By the late 1980s, a major IT project under way at the Society of Worldwide Interbank Financial Telecommunication (SWIFTsc) was beginning to drain significant resources, with the well quickly running dry. The project, according to former SWIFTsc security adviser Erik Guldentops, now a management consultant and executive professor at the Management School of Antwerp University, suffered from "moving goalposts" for requirements, budgets and objectives. Business, IT and audit management began sparring over who should take the blame. Tensions escalated to the point where hostility and friction were close to paralysing the project.
It is a scenario familiar to many organisations attempting to undertake wide-scale IT reform, but for SWIFTsc, which provides secure global communication to more than 7000 financial institutions in more than 190 countries, the consequences could have been catastrophic. Eventually the board was forced to step in, becoming by doing so one of the earliest boards of directors to intervene and implement basic IT governance practices. Belatedly, that is a fashion more companies look set to emulate.
Intent on protecting the organisation as it navigated technological change, SWIFTsc's board of directors and executive management: set clear IT strategy through a dedicated board committee; relied on measurable and controllable performance indicators initiated by the audit department and further developed with - and agreed to by - IT management; and, monitored progress against the performance indicators, again leveraging the dedicated board committee. It was a highly successful intervention, Guldentops says.
Historically, boards have seldom been involved in IT issues, intervening mainly when IT problems threatened the viability of the business. Boards rushed to intervene in some of the online retail companies, including Amazon, when fulfilment problems threatened the credibility of the company and buyers were still skittish about online buying. Boards have also intervened in some companies in which IT was seen as integral to the business model. Otherwise, it has been rare for an IT issue to attract the attention of a board of directors. As leading global businesses increasingly recognise the imperative for strong IT governance, some boards are stepping up to adopt a much stronger oversight role, and leading institutions are proposing those organisations as role models for the rest of the business world.

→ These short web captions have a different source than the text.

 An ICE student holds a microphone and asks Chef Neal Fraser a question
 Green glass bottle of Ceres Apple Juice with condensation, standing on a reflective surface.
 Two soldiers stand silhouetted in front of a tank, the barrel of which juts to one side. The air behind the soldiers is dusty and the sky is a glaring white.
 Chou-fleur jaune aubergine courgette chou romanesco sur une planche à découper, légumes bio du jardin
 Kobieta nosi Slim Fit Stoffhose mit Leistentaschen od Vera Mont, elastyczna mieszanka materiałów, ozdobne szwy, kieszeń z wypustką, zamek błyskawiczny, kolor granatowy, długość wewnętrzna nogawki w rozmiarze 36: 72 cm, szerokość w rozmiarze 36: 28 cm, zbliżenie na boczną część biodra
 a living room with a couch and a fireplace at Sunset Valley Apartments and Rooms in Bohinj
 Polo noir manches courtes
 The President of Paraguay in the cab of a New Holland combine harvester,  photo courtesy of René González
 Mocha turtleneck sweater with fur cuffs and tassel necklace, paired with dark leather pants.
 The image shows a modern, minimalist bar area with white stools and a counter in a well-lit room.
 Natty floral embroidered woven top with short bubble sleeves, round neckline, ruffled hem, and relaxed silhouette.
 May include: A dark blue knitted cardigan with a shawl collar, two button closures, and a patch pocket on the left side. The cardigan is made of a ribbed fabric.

"It's crucial that board members provide oversight regarding IT issues," Guldentops says. "IT is key to the continued existence of the world's largest enterprises. Boards and executives must ensure that IT delivers appropriate value to the business, IT risks are mitigated and IT practices are aligned with business objectives." Guldentops was commenting at the launch last year of two new high-level documents from the IT Governance Institute, together designed to help enterprise board members and executive managers focus their attention on vital and complex IT governance and security issues.
The IT Governance Executive Summary and a related publication, IT Strategy Committee, address the roles and responsibilities of boards and management regarding IT. Both publications are available as open standards and complimentary downloads via the IT Governance Institute's Web site at www.ITgovernance.org. Guldentops says the key message of these publications is that board members do not need to be technology experts, but they do need to understand their changing roles regarding oversight.
A not-for-profit organisation dedicated to sharing better practices for IT governance, the institute, founded in 1998 by the Information Systems Audit and Control Association (ISACA - founded in 1969), has also developed a comprehensive framework for IT governance implementation, known as Control Objectives for Information and Related Technology (CobiT).